Qi Guo, Tze-Meng Low, N. Alachiotis, Berkin Akin, Lawrence Pileggi, James C. Hoe and Franz Franchetti (Proc. MICRO, 2015)
Enabling Portable Energy Efficiency with Memory Accelerated Library
Preprint (637 KB)
Published paper (link to publisher)
Bibtex

Over the last decade, the looming power wall has spurred a flurry of interest in developing heterogeneous systems with hardware accelerators. The questions, then, are what and how accelerators should be designed, and what software support is required. Our accelerator design approach stems from the observation that many efficient and portable software implementations rely on high performance software libraries with well-established application programming interfaces (APIs). We propose the integration of hardware accelerators on 3D-stacked memory that explicitly targets the memory-bounded operations within high performance libraries.
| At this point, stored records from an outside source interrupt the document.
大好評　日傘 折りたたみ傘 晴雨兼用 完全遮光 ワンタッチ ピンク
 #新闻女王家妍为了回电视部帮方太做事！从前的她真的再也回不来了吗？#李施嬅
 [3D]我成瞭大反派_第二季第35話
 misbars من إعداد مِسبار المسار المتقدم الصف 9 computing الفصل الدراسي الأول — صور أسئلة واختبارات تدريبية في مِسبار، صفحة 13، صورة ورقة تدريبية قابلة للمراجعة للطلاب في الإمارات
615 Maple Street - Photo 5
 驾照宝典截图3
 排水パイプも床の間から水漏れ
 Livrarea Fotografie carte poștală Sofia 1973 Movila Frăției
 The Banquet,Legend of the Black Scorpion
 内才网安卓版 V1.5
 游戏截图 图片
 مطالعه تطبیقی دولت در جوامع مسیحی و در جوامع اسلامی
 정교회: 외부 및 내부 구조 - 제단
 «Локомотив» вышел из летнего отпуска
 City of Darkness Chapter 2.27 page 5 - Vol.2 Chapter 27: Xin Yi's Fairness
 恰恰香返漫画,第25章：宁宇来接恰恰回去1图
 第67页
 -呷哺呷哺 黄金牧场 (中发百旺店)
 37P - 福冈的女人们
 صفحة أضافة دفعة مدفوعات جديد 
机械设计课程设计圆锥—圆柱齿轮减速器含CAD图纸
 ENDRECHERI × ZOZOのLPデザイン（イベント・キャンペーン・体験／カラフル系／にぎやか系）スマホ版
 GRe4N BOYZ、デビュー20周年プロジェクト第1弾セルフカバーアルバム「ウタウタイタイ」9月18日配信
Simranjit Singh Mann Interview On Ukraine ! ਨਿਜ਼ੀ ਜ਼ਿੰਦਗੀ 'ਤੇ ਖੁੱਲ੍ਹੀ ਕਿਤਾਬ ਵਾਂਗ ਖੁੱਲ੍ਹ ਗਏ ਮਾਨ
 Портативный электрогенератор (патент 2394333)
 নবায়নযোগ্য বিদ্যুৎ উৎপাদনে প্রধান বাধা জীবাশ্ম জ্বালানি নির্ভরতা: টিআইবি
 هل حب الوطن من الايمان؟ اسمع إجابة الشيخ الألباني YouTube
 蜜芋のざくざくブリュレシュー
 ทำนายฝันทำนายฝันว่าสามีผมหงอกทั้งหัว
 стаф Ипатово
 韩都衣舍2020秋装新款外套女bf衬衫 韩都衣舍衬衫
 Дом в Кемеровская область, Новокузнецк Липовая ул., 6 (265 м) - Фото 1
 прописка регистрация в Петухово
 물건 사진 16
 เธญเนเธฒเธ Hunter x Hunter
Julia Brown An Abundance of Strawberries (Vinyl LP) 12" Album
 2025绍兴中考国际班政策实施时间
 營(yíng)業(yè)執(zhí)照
The fixed APIs with limited configurability simplify the design of the accelerators, while ensuring that the accelerators have wide applicability. With our software support that automatically converts library APIs to accelerator invocations, an additional advantage of our approach is that library-based legacy code automatically gains the benefit of memory-side accelerators without requiring a reimplementation. On average, the legacy code using our proposed MEmory Accelerated Library (MEALib) improves performance and energy efficiency for individual operations in Intel's Math Kernel Library (MKL) by 38x and 75x, respectively. For a real-world signal processing application that employs Intel MKL, MEALib attains more than 10x better energy efficiency.